Van wilsverklaring afhankelijke vordering
De Hoge Raad heeft bepaald dat geen beslag kan worden gelegd op een vordering die afhankelijk van een wilsverklaring is.
- HR 25-03-1988, NJ 1989, 200 (Staal Bankiers/Ambags q.q.)
Een vordering die afhankelijk is van wilsverklaringen van de debiteur ontstaat pas door het afleggen van deze verklaringen. Er is geen sprake van een voorwaardelijke vordering. De vereiste wilsverklaringen - de verkiezing de maatschap voort te zetten en de uitoefening van het recht het maatschapsaandeel over te nemen - zijn pas na de faillietverklaring afgelegd. Dit betekent dat de vordering ten tijde van de faillietverklaring nog niet bestond.
De Hoge Raad heeft ook bepaald dat onder geldvorderingen op naam niet de kredietruimte valt, dat wil zeggen de toezegging van een bank dat tot een bepaalde limiet negatief in rekening-courant kan worden gestaan.
- HR 29-10-2004, ECLI:NL:HR:2004:AP4504 (van den Berg/Van der Walle) (Kredietruimte)
Het enkele bestaan van een kredietrelatie tussen bank en cliënt brengt niet mee dat de cliënt reeds op die grond een - vooralsnog voorwaardelijke - vordering heeft op de bank, ook al vindt de vordering die na afroep ontstaat haar onmiddellijke grondslag in de tussen bank en cliënt gesloten kredietovereenkomst (vgl. Staal Bankiers/Ambags q.q., zie hiervoor). Het wilsrecht van de cliënt dat ligt besloten in de bevoegdheid tot afroep is naar zijn aard niet vatbaar voor beslag en executie omdat dit recht niet kan worden overgedragen.

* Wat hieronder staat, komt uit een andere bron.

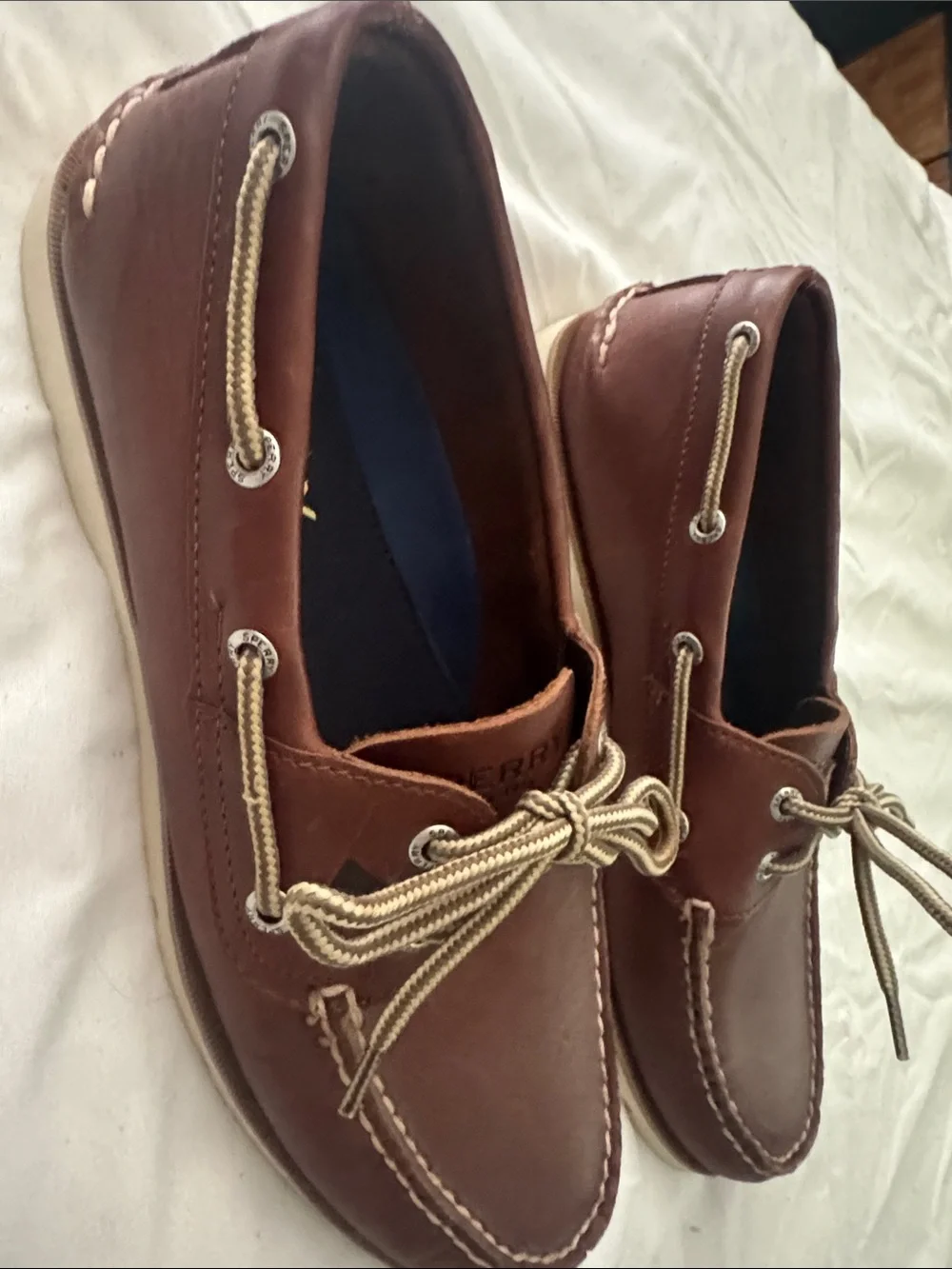 Sperry Brown Leather Men’s Boat Shoes with Tan Laces
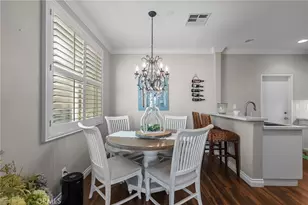 28468 Santa Rosa Ln, Saugus, CA 91350 - Photo 10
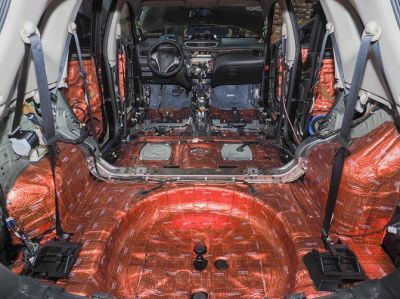 Stratul 1 insonorizant vibro absorbant portbagaj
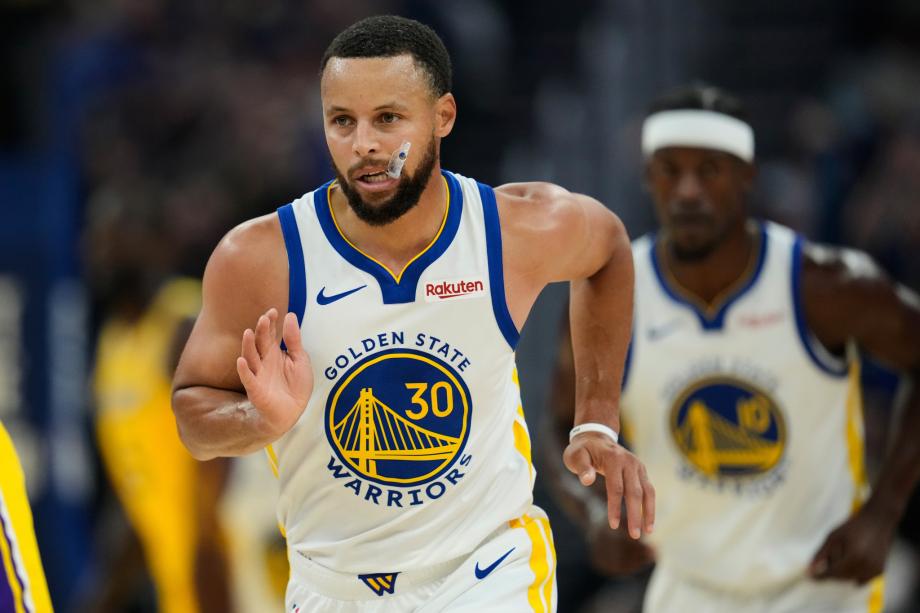 库里14分布朗尼5分5失误艾顿7+7 勇士轻取湖人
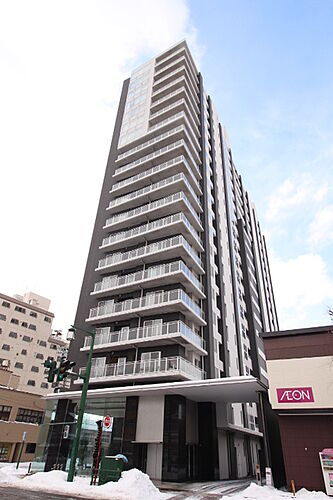シティタワー西堀 20階建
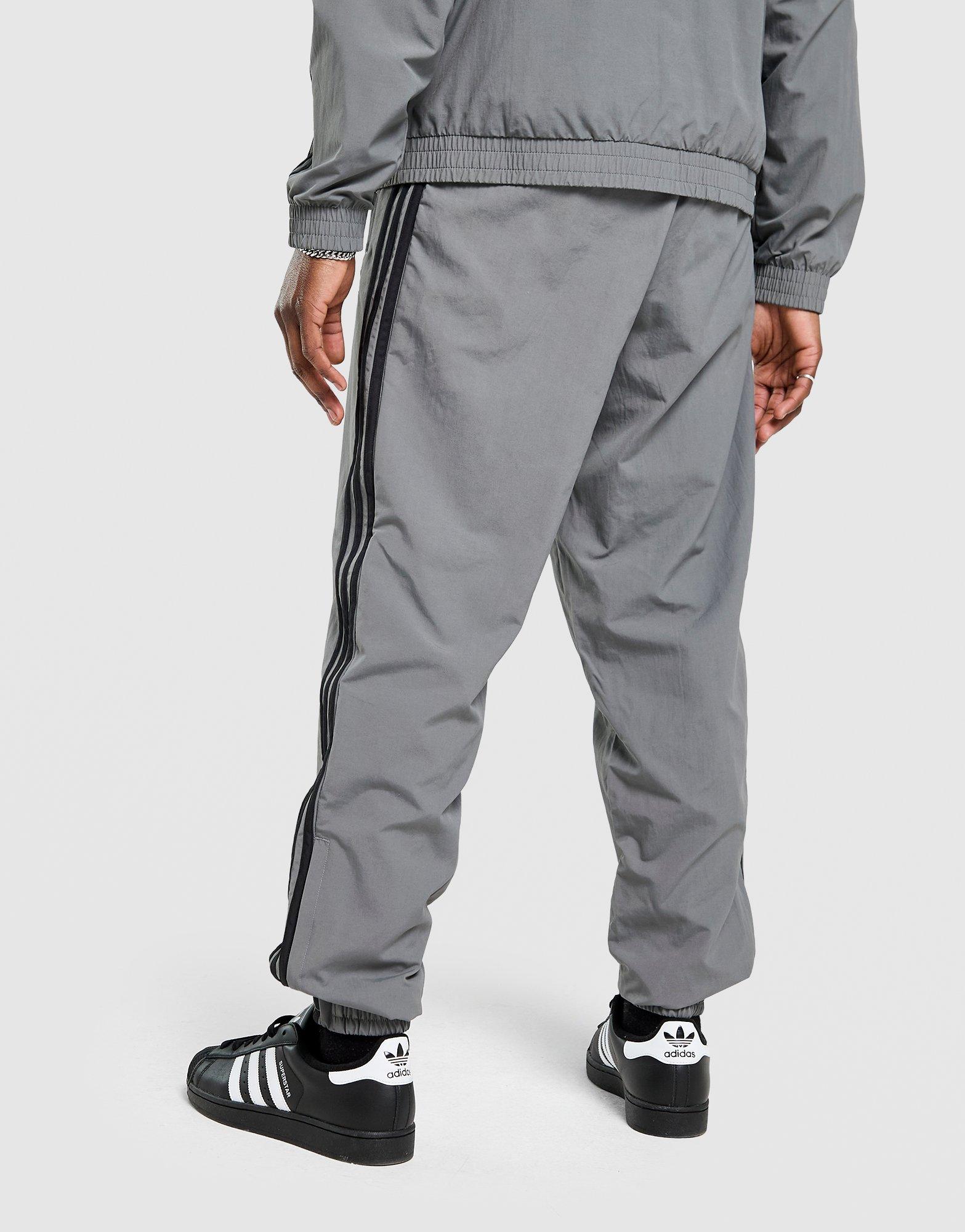 T. japan strap pants グレー Adidas Originals - Jogging Pants With Baggy Stripes TP JY1421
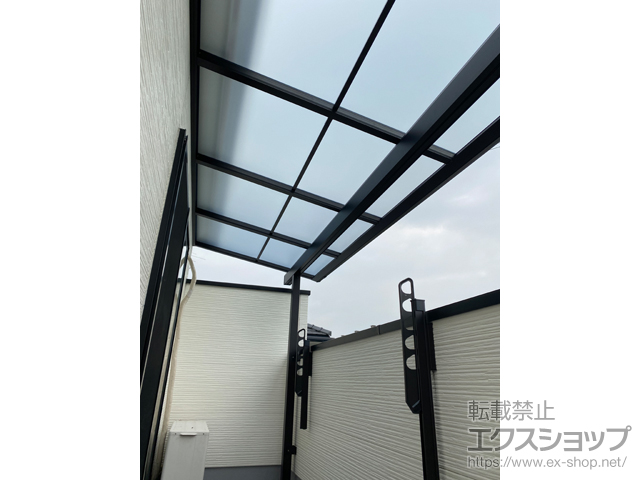 愛知県名古屋市ののバルコニー・ベランダ屋根 ソラリア F型 屋根タイプ 単体 積雪〜20cm対応 施工例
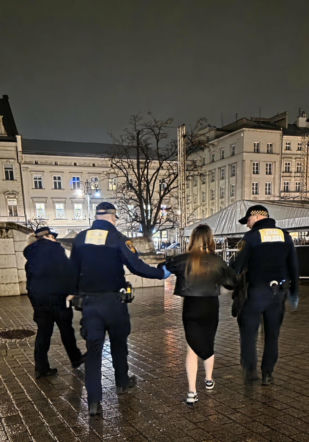 Kobieta pobita i spryskana gazem na rynku. Miała rozerwane ucho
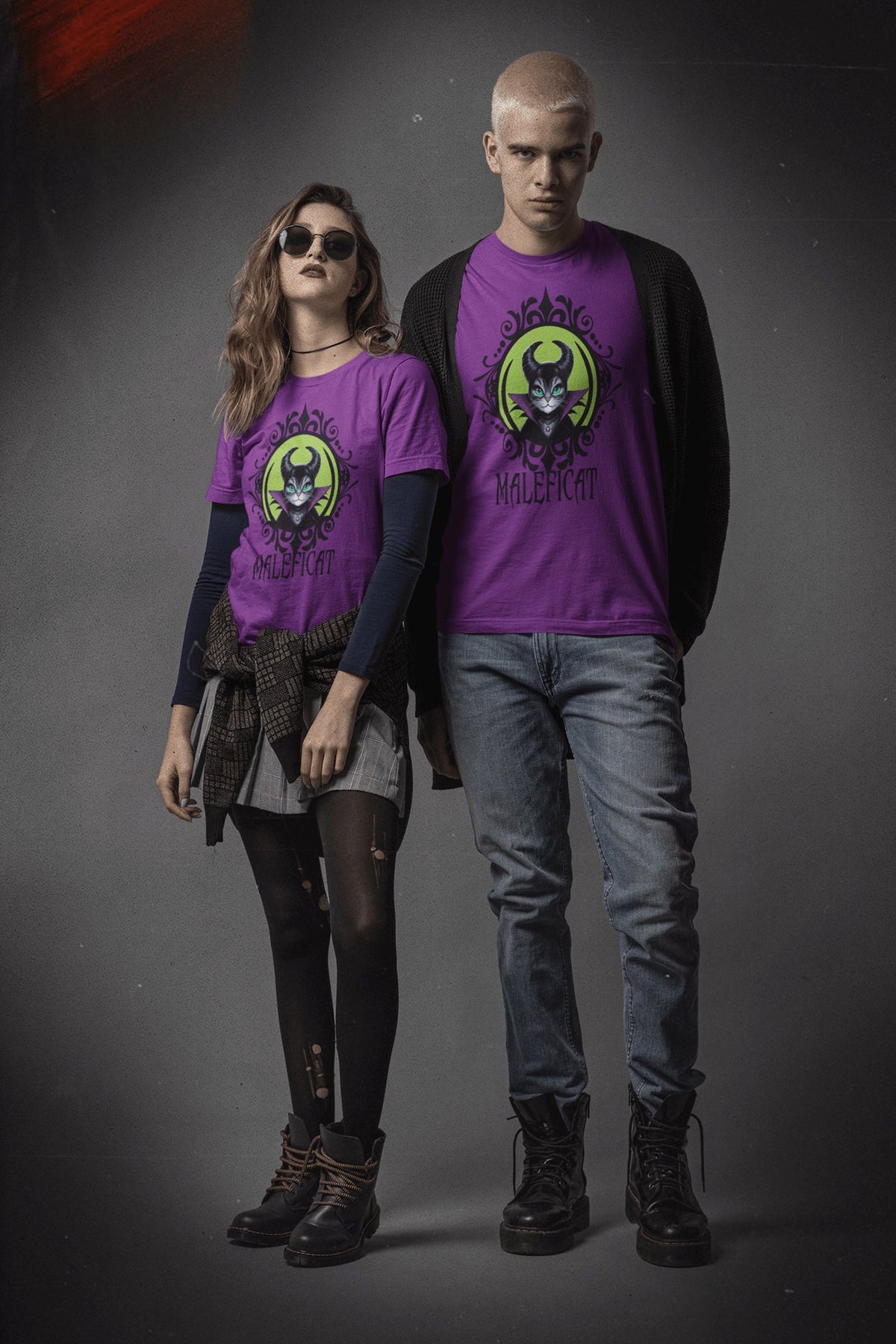 Pareja con camiseta Maleficat, parodia de Maléfica (Disney) - Starway to Helen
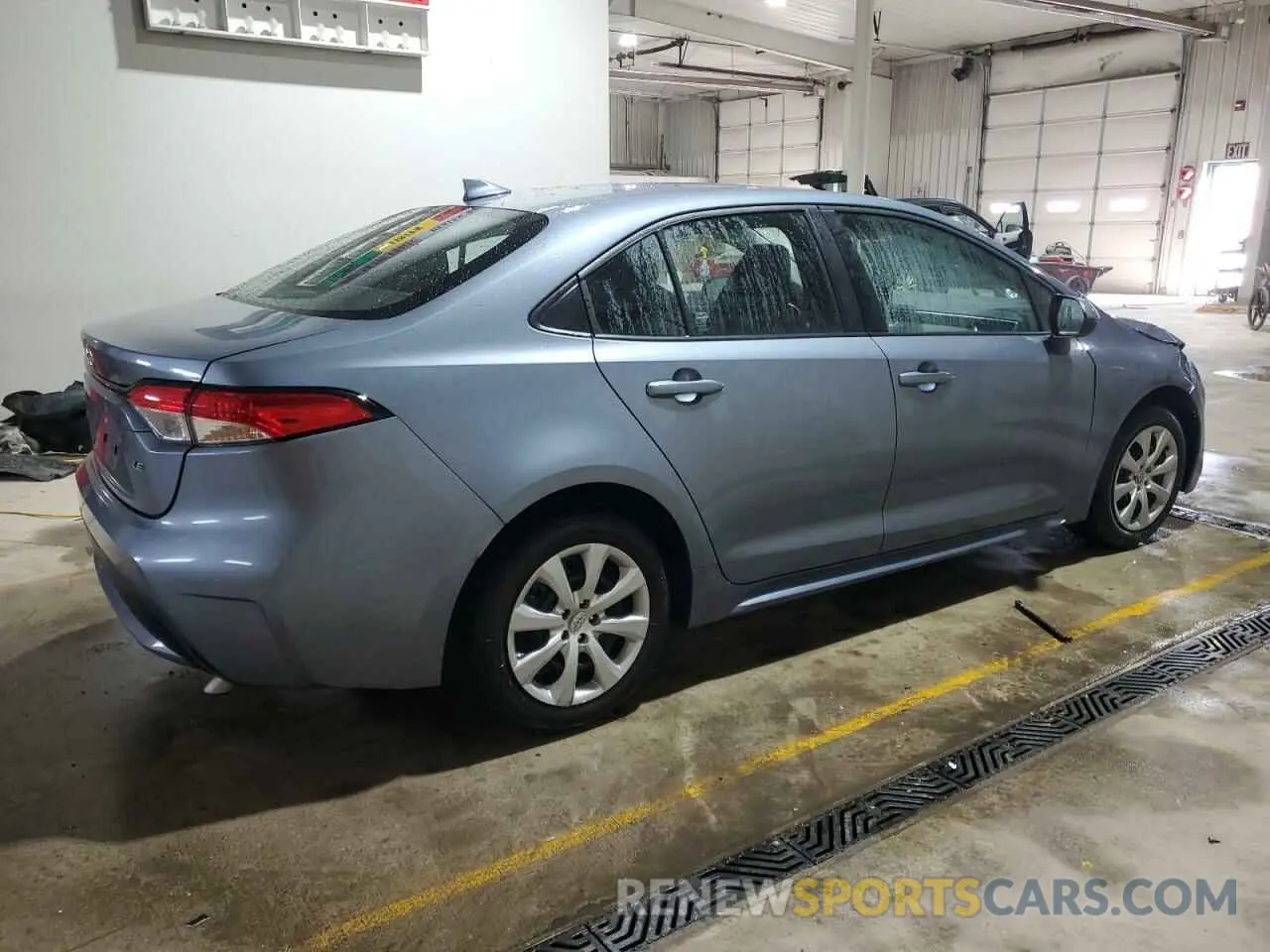 3 Photograph of a damaged car 5YFEPMAE4MP237850 TOYOTA COROLLA 2021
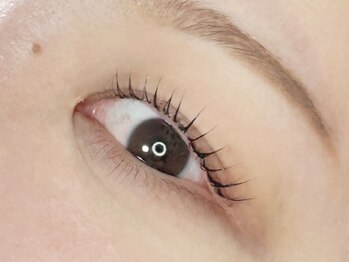 ブルーム(Bloom)の写真/すっぴんでも盛れる◎マスカラパーマで自然なぱっちり感！まつげへの負担も少なく、長持ちするのも嬉しい♪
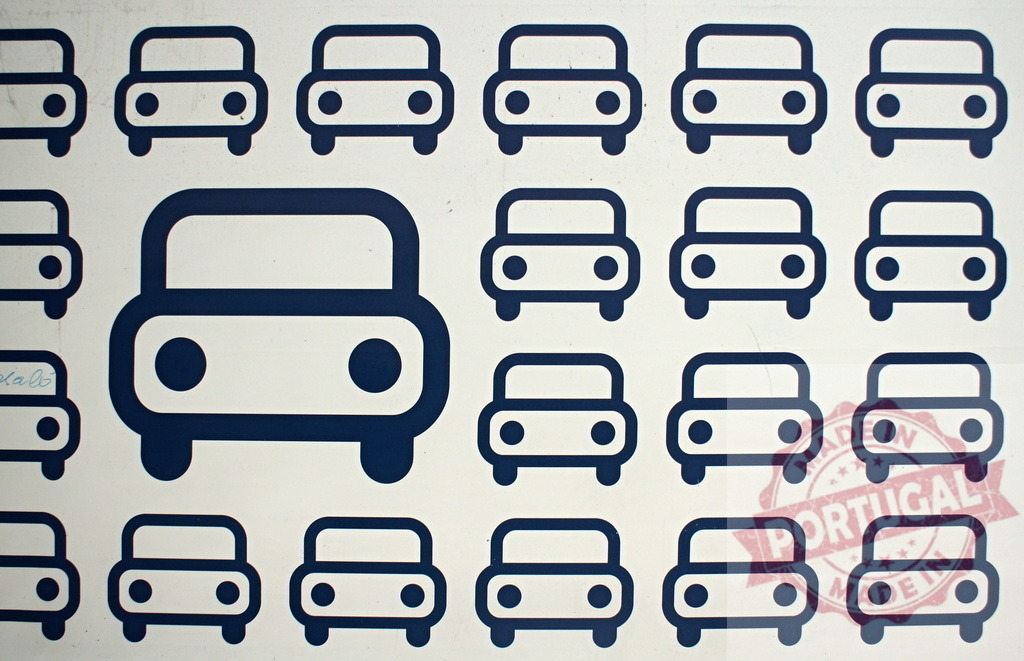 Car icon pattern representing parking lot full | Repeating car icons with one larger icon standing out on a white surface - Realized with Pictrs.com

Sinds november 2009 maakt art. 19 lid 4 IW het voor de ontvanger wél mogelijk zich te verhalen op de kredietruimte.
Derdenbeslag onder een lasthebber
- HR 24-03-1995, NJ 1996, 447 (Beslag onder lasthebber)
Derdenbeslag onder een lasthebber treft ook de vordering van de lastgever tot afdracht van hetgeen een lasthebber na de beslaglegging voor de lastgever ontvangt.